What is Stratified Sampling?
Magpi has now been used for nearly 20 years by groups working in global health and international development, as well as many other fields. Although Magpi, just like a paper form, doesn’t dictate your sampling strategy for any data collection, it’s definitely true that lots of public health data collection involves stratified sampling. Consider this blog post a basic introduction to the subject.
When Should You Use Stratified Sampling?
Imagine if you are interested in the affect of government payments to the poor on childhood nutrition. Depending on the country or state or location of interest, there might be subgroups of the group of interest (“the poor”) that are also of interest. In India, for example, you might be interested in how such state payouts affected kids in low-income Dalit (formerly called “untouchable”) households versus kids in other low-income households.

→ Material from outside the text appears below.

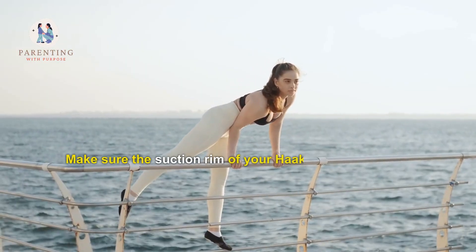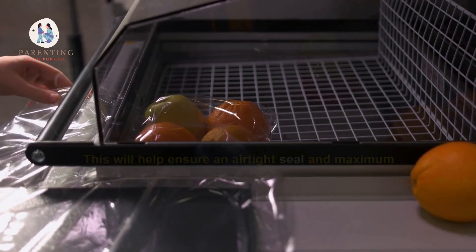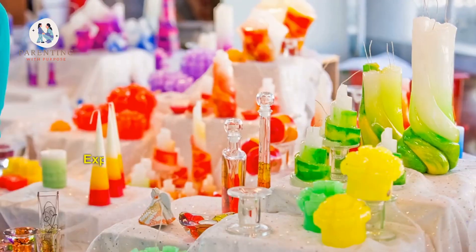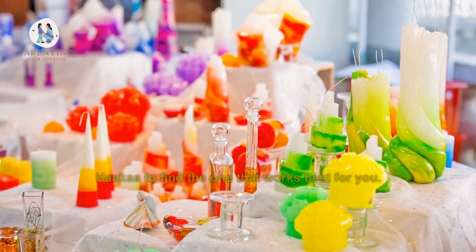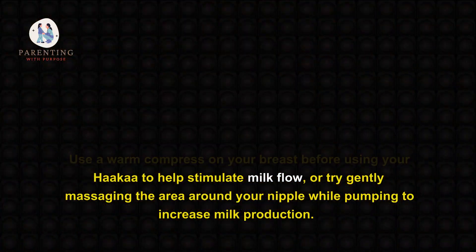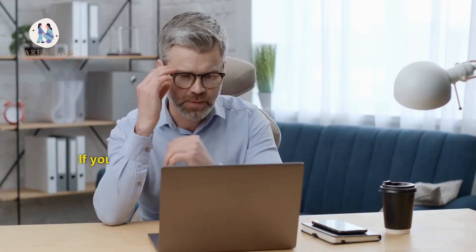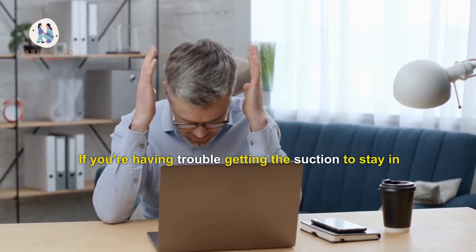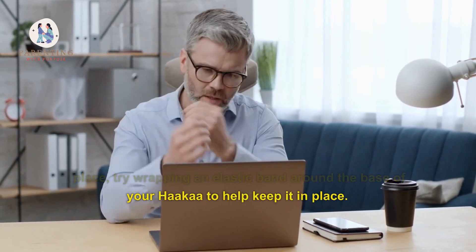Here are some tips and tricks to make breastfeeding with a Hakaa easier. First, make sure the suction rim of your Hakaa is clean before using it — this will help ensure an airtight seal and maximum suction. Second, experiment with different sizes and shapes of your Hakaa to find the one that works best for you. Third, use a warm compress on your breast before using your Hakaa to help stimulate milk flow, or try gently massaging the area around your nipple while pumping to increase milk production. Fourth, if you're having trouble getting the suction to stay in place, try wrapping an elastic band around the base of your Hakaa to help keep it in place.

Stratified sampling is a sampling method used in statistics to address this kind of situation, where the main group has significant subgroups of interest. Common variables used to define subgroups include age, gender, race, income, education level, or geographic location. The sampling technique involves dividing a population into subgroups, or strata, and then selecting a sample from each subgroup in proportion to the subgroup's size. This ensures that you get a usable sample for each subgroups.
Of course, stratified sampling isn’t just for health-related topics. In another example, you might want to investigate the effectiveness of a new teaching method in improving test scores among high school students, but the population of high school students is diverse in terms of grade level, academic ability, and socioeconomic status. In this case, stratified sampling could be used to make sure that the sample is representative of students in each subgroup of interest (e.g. in each grade, or in distinct socioeconomic groups, or by race or ethnicity).
When Stratified Sampling Doesn’t Make Sense
Stratified sampling is most useful when the population is not too homogenous: the population needs to have subgroups for you to be able to theorize about them, and to design a sample that includes them. So if there aren’t any interesting subgroups in the population, stratified sampling won’t make sense.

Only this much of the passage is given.